This seems like a really simple and obvious question, but I can't find any previous questions on this site that directly address it. Perhaps it's so simple that people find it trivial.

Almost all basic retirement advice eventually discusses using your retirement savings percentage as a way of determining if you are more or less on track for retirement. Conceptually, this is really easy - amount saved divided by amount earned. However, when you are saving money in both pre-tax accounts [IRA, 401(k), 457(b)] and after-tax accounts [Roth IRA, Roth 401(k), Roth 457(b)], directly comparing the amount saved in each account is misleading.

So, what is the best way to calculate a combined savings percentage when using pre- and after-tax accounts? Or is a combined savings percentage meaningless in these cases?

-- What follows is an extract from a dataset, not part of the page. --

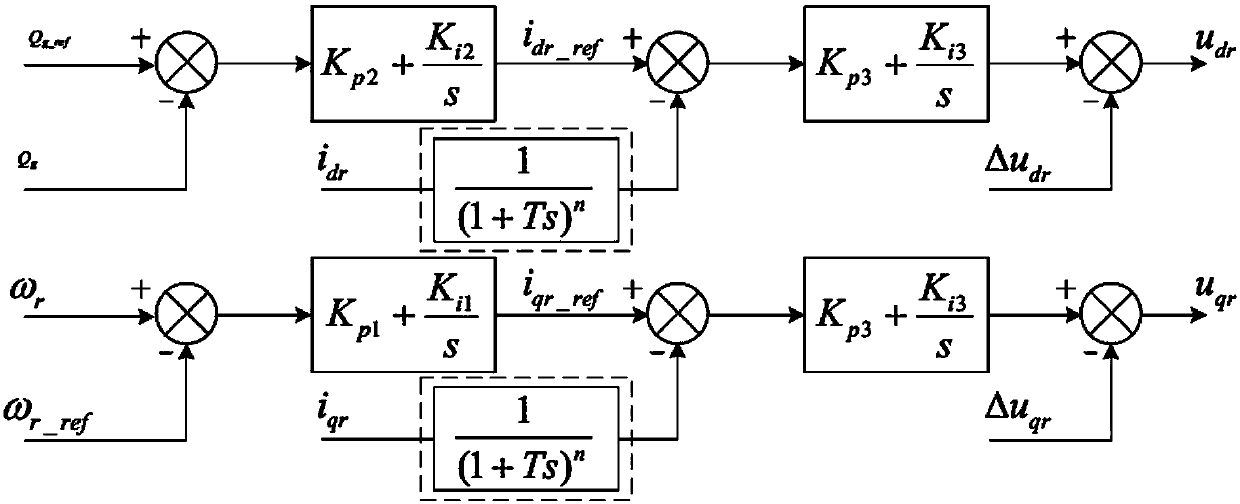 Realization method of subsynchronous interaction suppression for doubly-fed wind farm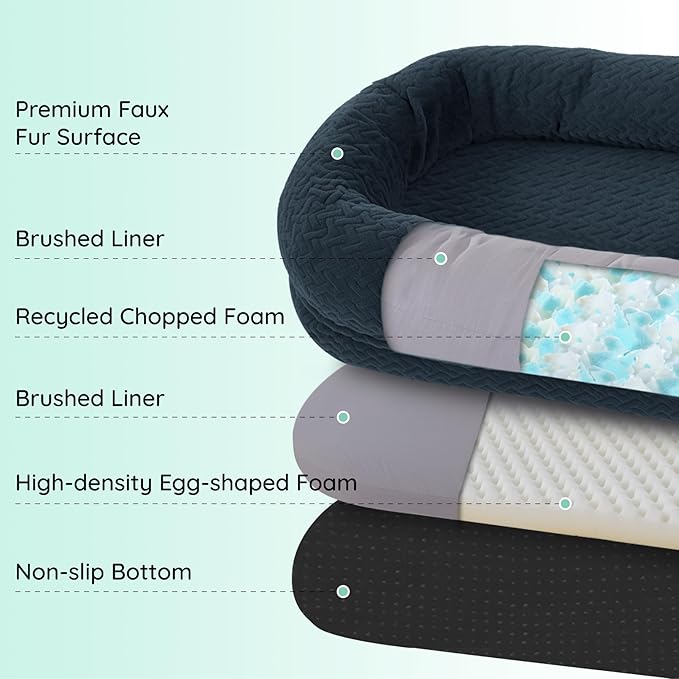 Human Dog Bed for Adult - Luxury Faux Fur Giant Size Dog Bed with Portable Handle Egg Orthopedic Foam with Blanket 72x40x10 Navy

Consider the following example:

    Category                              Percentage        Amount  
    Gross Yearly Pre-tax Income                             $50,000  
    Voluntary Pre-tax 457(b) Cont.        8%                $4,000  
    Mandatory Pre-tax Pension Cont.       7%                $3,500  
    Gross Yearly Taxable Income                             $42,500  
    Combined State and Fed. Taxes         21%               $8,925  
    Net Yearly Take-home Income                             $33,575  
    Voluntary After-tax Roth IRA Cont.                      $6,000  

I have been accounting for the after-tax Roth contribution by converting it to an equivalent amount of pre-tax money by dividing by (1 - tax rate). So for the example above (I apologize, I completely failed at formatting this as a pretty equation):

Combined Equivalent Pre-Tax Savings = 4000 + 6000/(1 - 0.21) = $11,595

I would then calculate my savings percentage based on my gross yearly pre-tax income, as follows:

Savings Percentage = 100 * 11595/50000 = 23.2%

(Note that I am not counting my pension contribution in any way because even if I ever do get any money from it, it won't be proportional to what I put in.)

Is this correct/does this make sense? Is there a better way to calculate this percentage? Or is any combined pre-tax and after-tax savings percentage always going to be misleading?

1 Answer 1


There's no magic to the rules of thumb like 15%. It's just a reasonable amount to save in most cases, meaning you live conservatively on 85% of your income. If you can save more, then save more. If you can't save that much yet, then figure out how to increase your income or reduce expenses if you want to meet that goal.

I think it's fair to look at the equivalent pre-tax amount to make sure you're saving enough. If you put in that amount now, you'd have a larger balance but would have to pay tax.

For example, putting in $6,000 after tax is the same as putting in $7,549 before tax (assuming you'd also invest the tax savings). If it grows by X% between now and retirement, the $6,000 will become $6,000*(1+X) tax free, while the $7,549 will net you $7,549*(1+X)*(1-T) = 6,000 * (1+X), all else being equal.

The main assumption is that your tax bracket is the same at retirement. If you think you'll be in a lower tax bracket (remember that 401(k) withdrawals count as income for tax-bracketing purposes) in the future, then it's mathematically better to defer the tax rather than pay it now. But that's just optimizing, and no one knows how the tax laws will change over the next 30 years.